Jika senja adalah
segala tentangmu, dan segelas kopi ..
Maka kusadari itu
adalah mimpi.
Ya,
Karena ku sadar,
Hanya dalam mimpi itu
terjadi..
Dan itu kumimpikan
agar bisa terjadi.
#Shiro.
Puisi sederhana milik
teman penyuka senja dan pecinta kopi.
Yang aku tau ia punya
seseorang yang ia senang menyebutnya dengan senja. Mungkin baginya senja
mewakili keindahan wanitanya. Dan ia memang sangat maniak dengan
kopi. Ia bilang tanpa kopi rasanya sepi. Dan alasan kenapa aku
menuliskannya disini, karena aku suka kalimat terakhir dalam puisi tersebut.
“Dan itu kumimpikan
agar bisa terjadi”
Untukku, kalimat
terakhir ini mempunyai arti yang dalam. Penulis menggunakan kata –memimpikan-
seolah ia ingin tidur selamanya agar bisa bertemu dengan si senja dalam mimpinya,
jika dihubungkan denga kalimat sebelumnya “hanya dalam mimpi itu terjadi”
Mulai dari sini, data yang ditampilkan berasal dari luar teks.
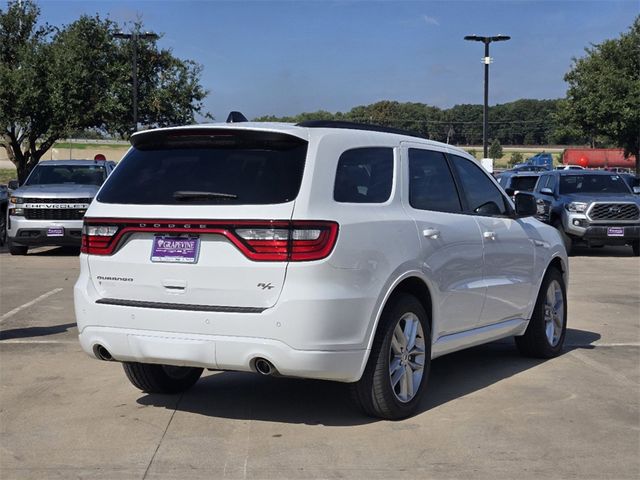 2023 Dodge Durango R/T Plus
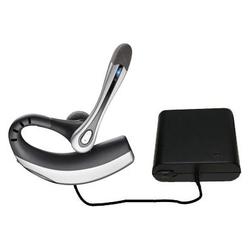 Gomadic Emergency AA Battery Charge Extender for the Plantronics Voyager 510 - Brand w/ TipExchange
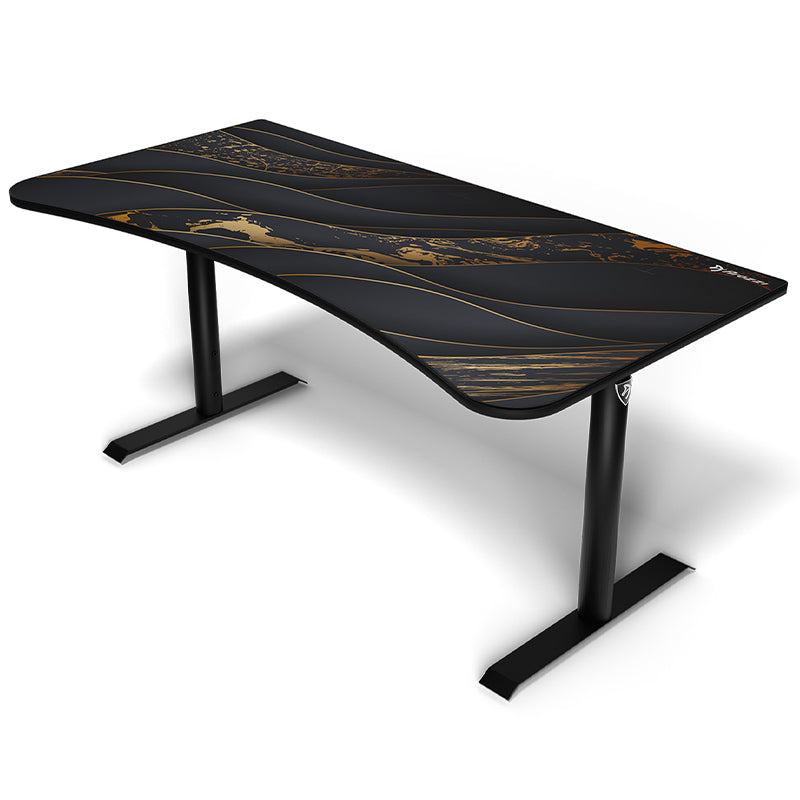 Arozzi Arena Black Gold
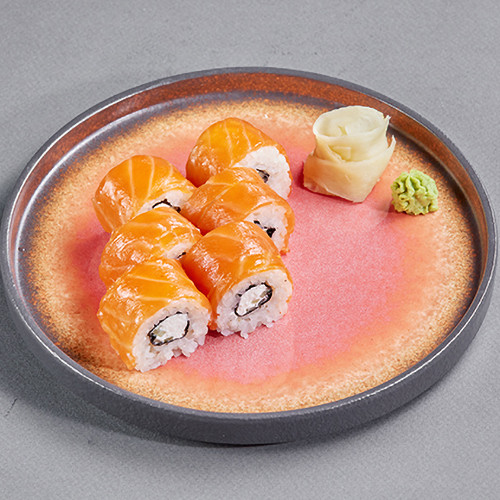 Филадельфия с огурцом маки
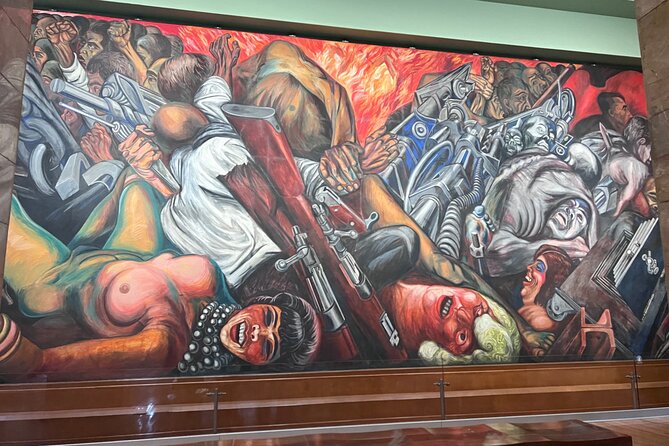 Exploring Mexican Muralism: A Journey through Bellas Artes Palace - Palacio de Bellas Artes: Why You Start With the Building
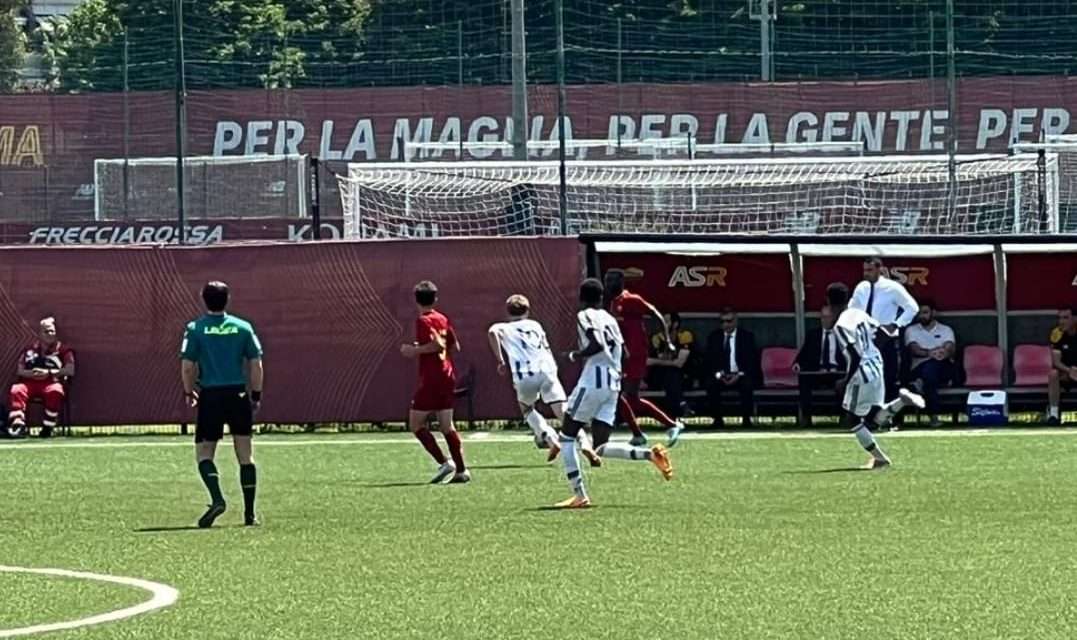 SEMIFINALE SCUDETTO – La distinta di Roma-Juve! (Under 17)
penulis sadar betul bahwa segala hal yang ia ingin lewati bersama si senja, itu
hanya akan terjadi dalam mimpi si penulis, karena satu dan lain hal, impiannya
bersama si senja tidak akan pernah terjadi dalam dunia nyata. Tetapi menurutku,
jika dipahami lagi, maksud dari si penulis dalam kata –memimpikan- adalah ia
bercita-cita untuk bisa menghabisnya seluruh hidupnya dengan si senja. Menghabiskan
waktu saat senja bersama dengan sosok yang dikaguminya. Ia merencanakan segala
sesuatunya untuk dijalani bersama dengan si senja selamanya. Ia percaya bahwa
berawal dari mimpi semuaya bisa terjadi.
Hubungannya denganku,
saat aku selesai membaca sajak sederhana itu, aku tersenyum, dulu akupun punya
banyak mimpi bersama dia. Dia yang memang sejak pertama aku melihatnya, aku
punya segudang harapan. semenjak aku menyukai laki-laki itu, aku
selalu memimpikan hal-hal besar bersamanya. Aku bercita-cita menjadi teman
hidupnya, bisa menghabiskan sisa hidupku bersamanya, berbagi cerita dan cinta.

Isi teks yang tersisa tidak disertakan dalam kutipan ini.